- **WORK REQUIRED**:
Your job is to retype the records exactly while dropping every picture.

---- DATA IN THIS EXERCISE

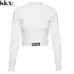 Kliou 2018 Autumn Women New Fashion Solid White Letter Print Full Sleeve Sweatshirts Women Street O-Neck Short Crop tops tees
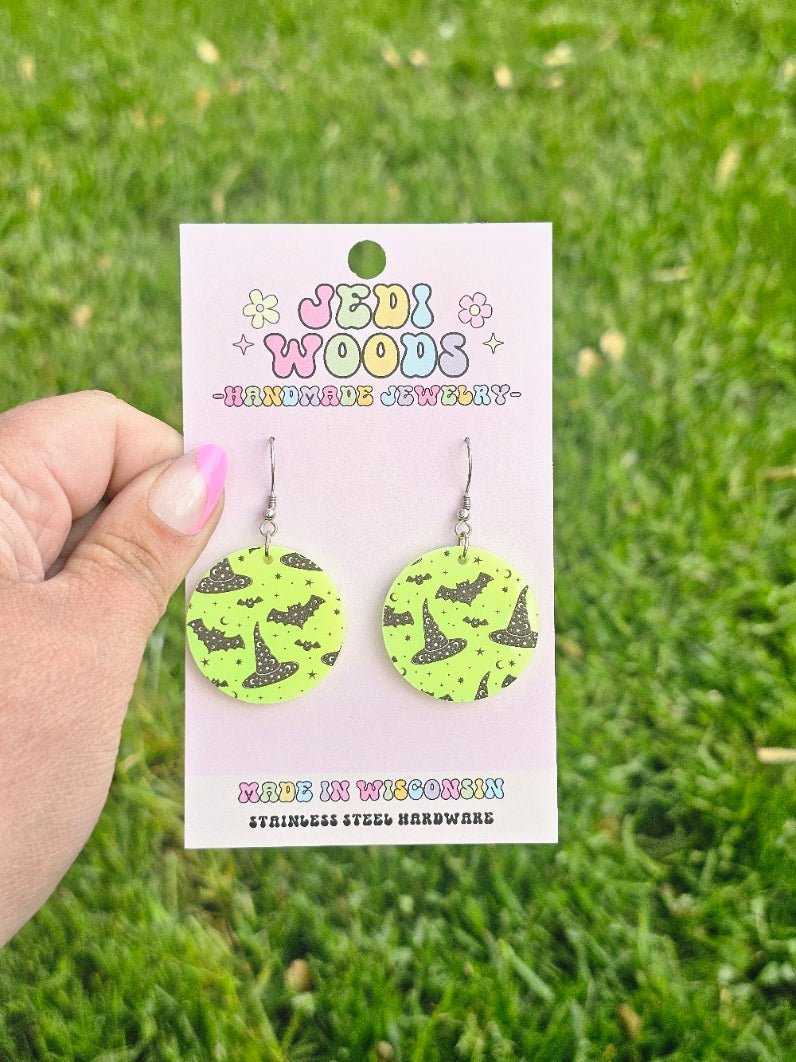 Electric Green Witch Hats and Bats Earrings
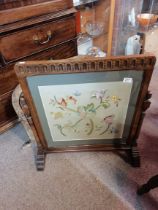 1956 Embroidered Fire Screen - Framed David Leach with Jacobean Crewel work by Penelope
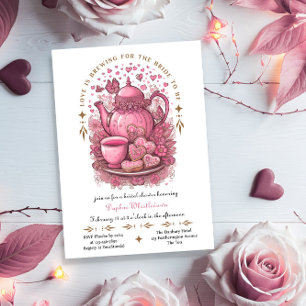 Love is Brewing Vintage Tea Party Bridal Shower Invitation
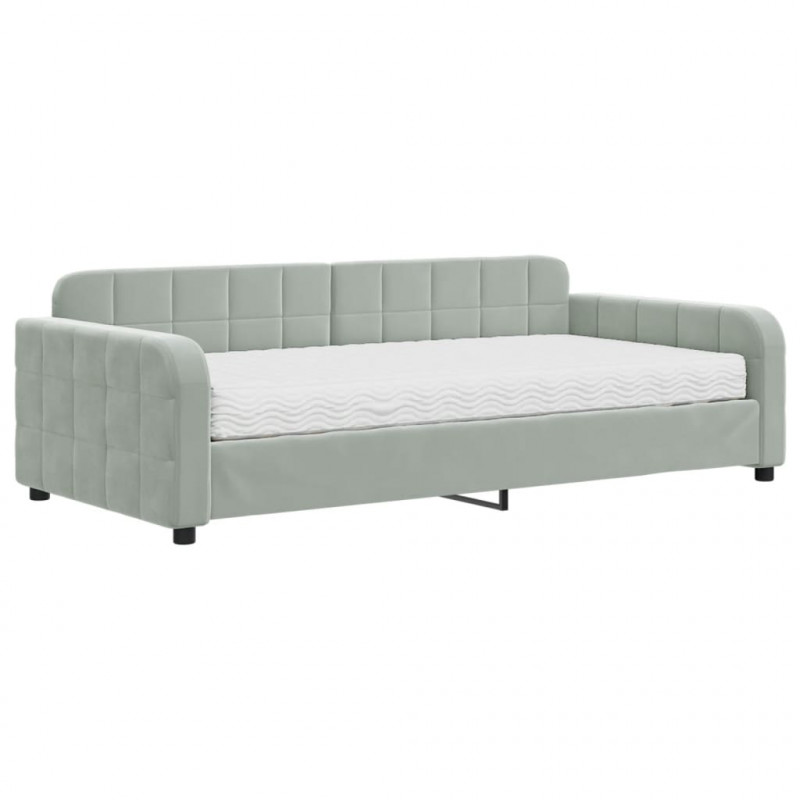 Sofa z materacem do spania, jasnoszara, 100x200 cm, aksamit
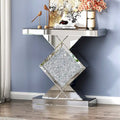 Geometric Mirrored Console Table – Silver, Glam Style, Diamond Lattice Base
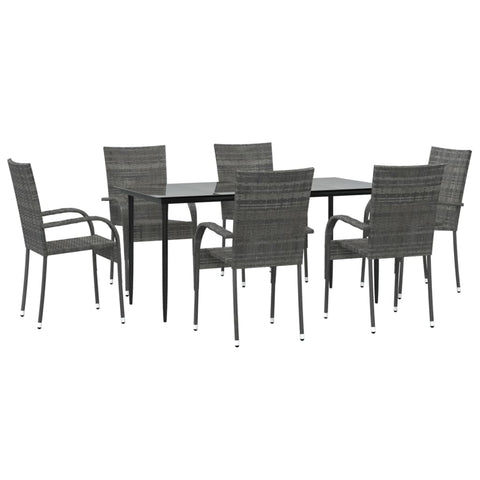 vidaXL 5-Piece Patio Dining Set - Modern Design, Weather- Poly Rattan, Sturdy Powder-Coated Steel Frame, Tempered Glass Tabletop, Space-Saving Stackable Chairs - Gray
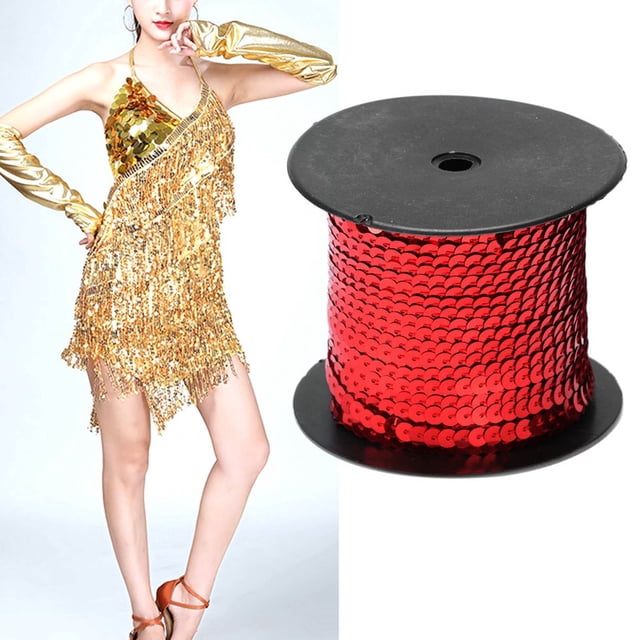 6mm Sequin String for Clothing, Shoes, Crafts, 100 Yard Decorative Accessory, Premium Metallic Sequins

--------

- **TASK RESPONSE**:
 Kliou 2018 Autumn Women New Fashion Solid White Letter Print Full Sleeve Sweatshirts Women Street O-Neck Short Crop tops tees
 Electric Green Witch Hats and Bats Earrings
 1956 Embroidered Fire Screen - Framed David Leach with Jacobean Crewel work by Penelope
 Love is Brewing Vintage Tea Party Bridal Shower Invitation
 Sofa z materacem do spania, jasnoszara, 100x200 cm, aksamit
 Geometric Mirrored Console Table – Silver, Glam Style, Diamond Lattice Base
 vidaXL 5-Piece Patio Dining Set - Modern Design, Weather- Poly Rattan, Sturdy Powder-Coated Steel Frame, Tempered Glass Tabletop, Space-Saving Stackable Chairs - Gray
 6mm Sequin String for Clothing, Shoes, Crafts, 100 Yard Decorative Accessory, Premium Metallic Sequins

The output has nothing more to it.